Recorded data:

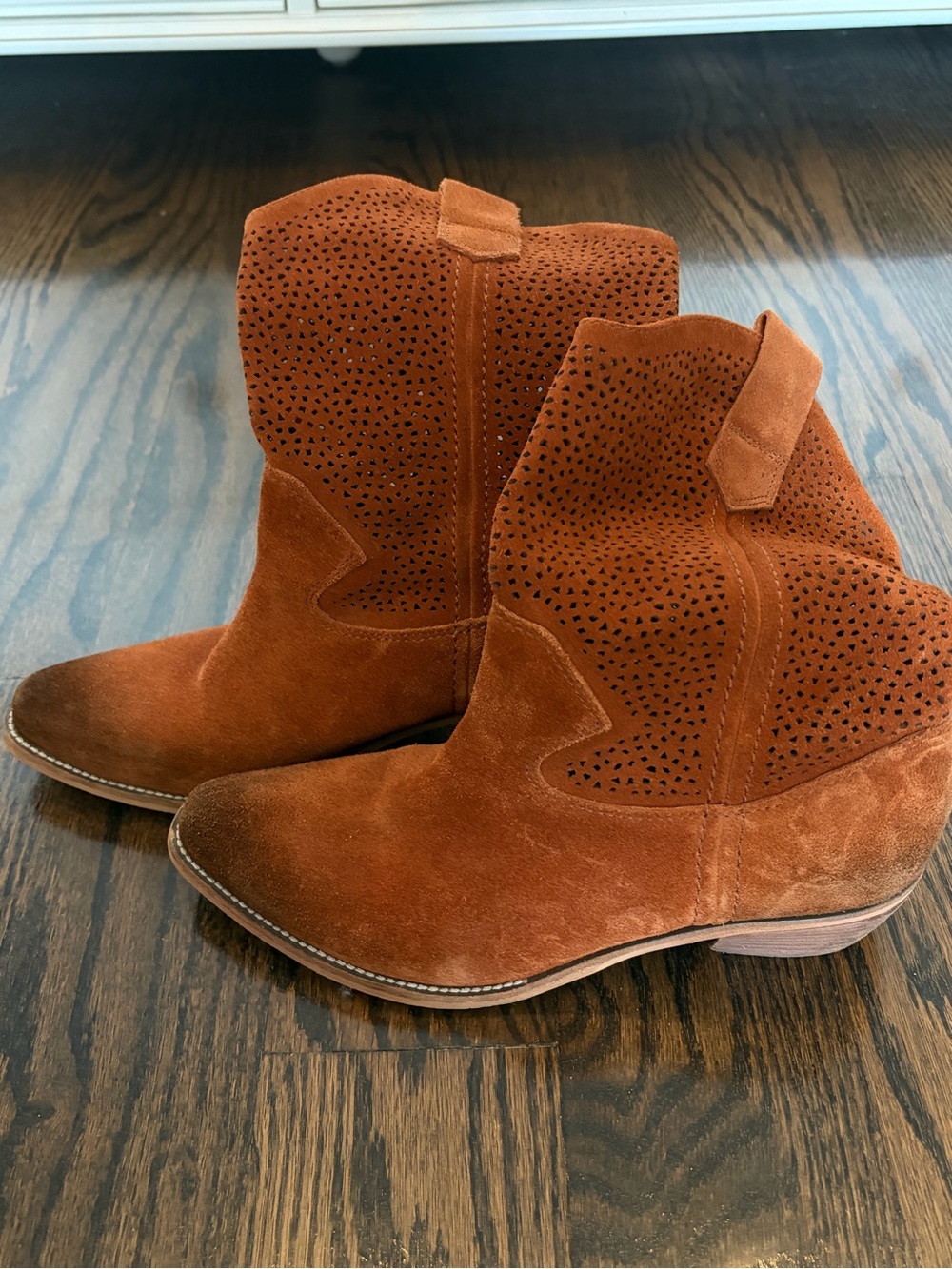 BCBGeneration Rust Brown Suede Perforated Western Heeled Boots
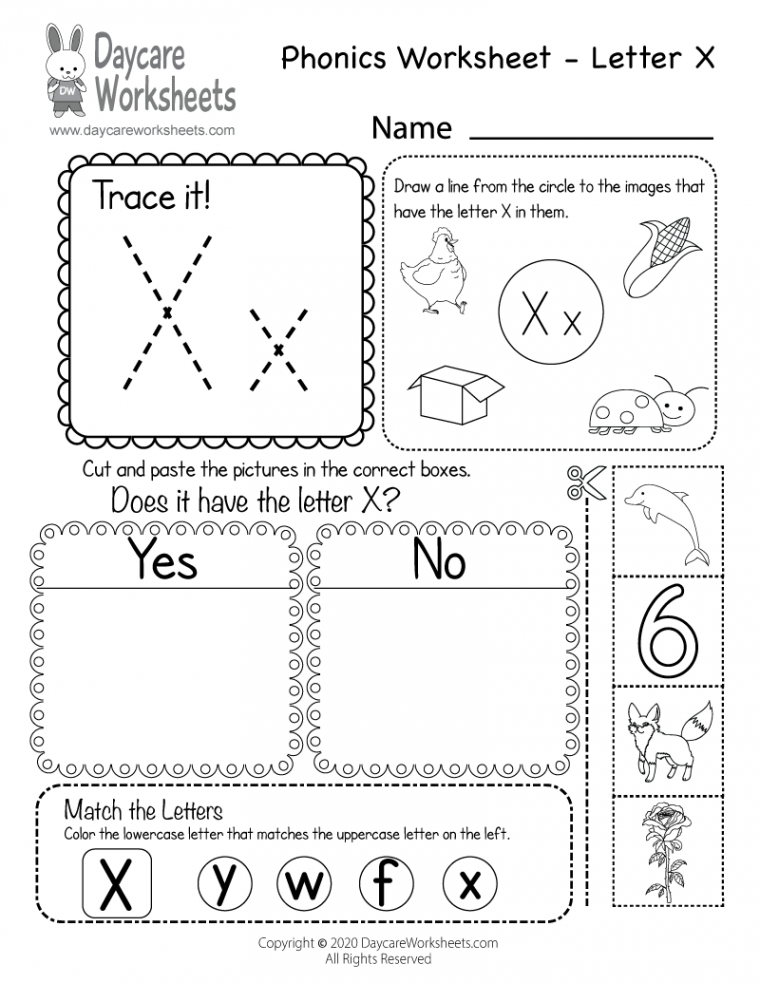 Free Letter X Phonics Worksheet - Learn Letter X Sounds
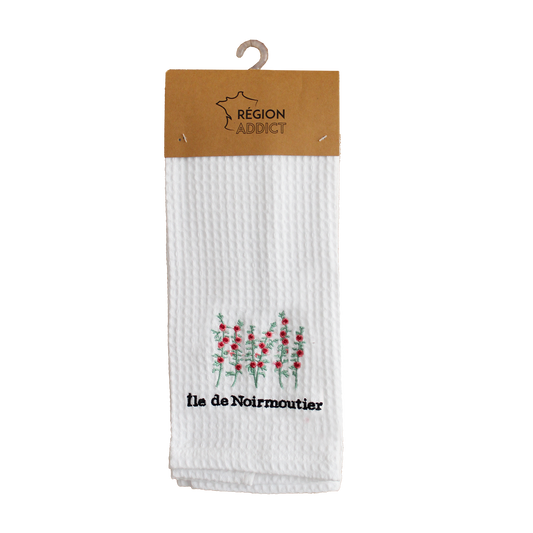 TORCHON NID D'ABEILLE ROSE TREMIERES NOIRMOUTIER BLANC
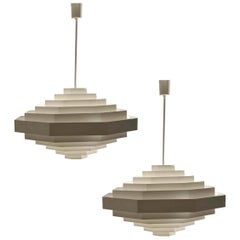 Pair of Large Bright White Metal Octagonal Origami Chandeliers by Spectral, 1970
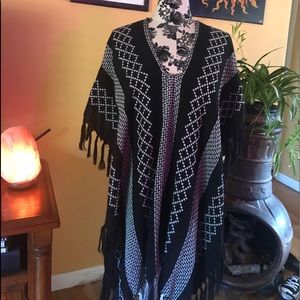 Black Aztec print poncho
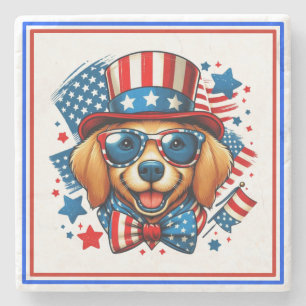 4. Juli USA Patriotischer Hund Unabhängigkeitstag Steinuntersetzer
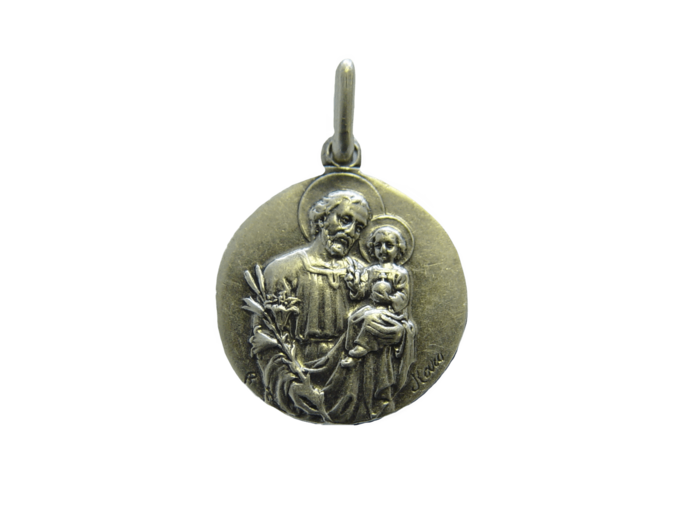 Médaille 18mm en Métal Argenté - SAINT JOSEPH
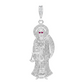 Dije Medalla Grande Santa Muerte Zirconias Plata 925 8.3 Cm - Blanco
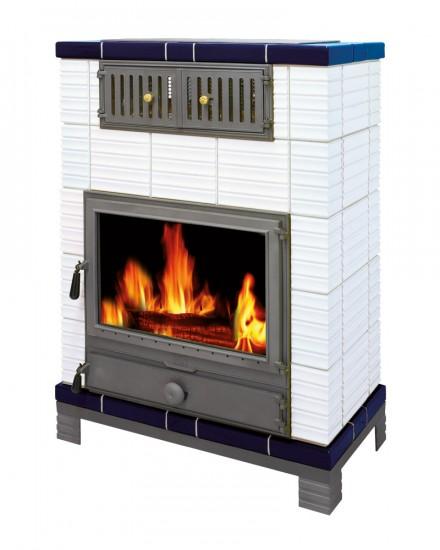 Poêle à bois Alphastar - Faïence Sillage - Puissance de 7 à 20 KW - Option plateau culinaire - Nilda_0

Work instruction:
Pictures are to be left out; the records above must be repeated word for word.

Answer to the exercise:
 BCBGeneration Rust Brown Suede Perforated Western Heeled Boots
 Free Letter X Phonics Worksheet - Learn Letter X Sounds
 TORCHON NID D'ABEILLE ROSE TREMIERES NOIRMOUTIER BLANC
 Pair of Large Bright White Metal Octagonal Origami Chandeliers by Spectral, 1970
 Black Aztec print poncho
 4. Juli USA Patriotischer Hund Unabhängigkeitstag Steinuntersetzer
 Médaille 18mm en Métal Argenté - SAINT JOSEPH
 Dije Medalla Grande Santa Muerte Zirconias Plata 925 8.3 Cm - Blanco
 Poêle à bois Alphastar - Faïence Sillage - Puissance de 7 à 20 KW - Option plateau culinaire - Nilda_0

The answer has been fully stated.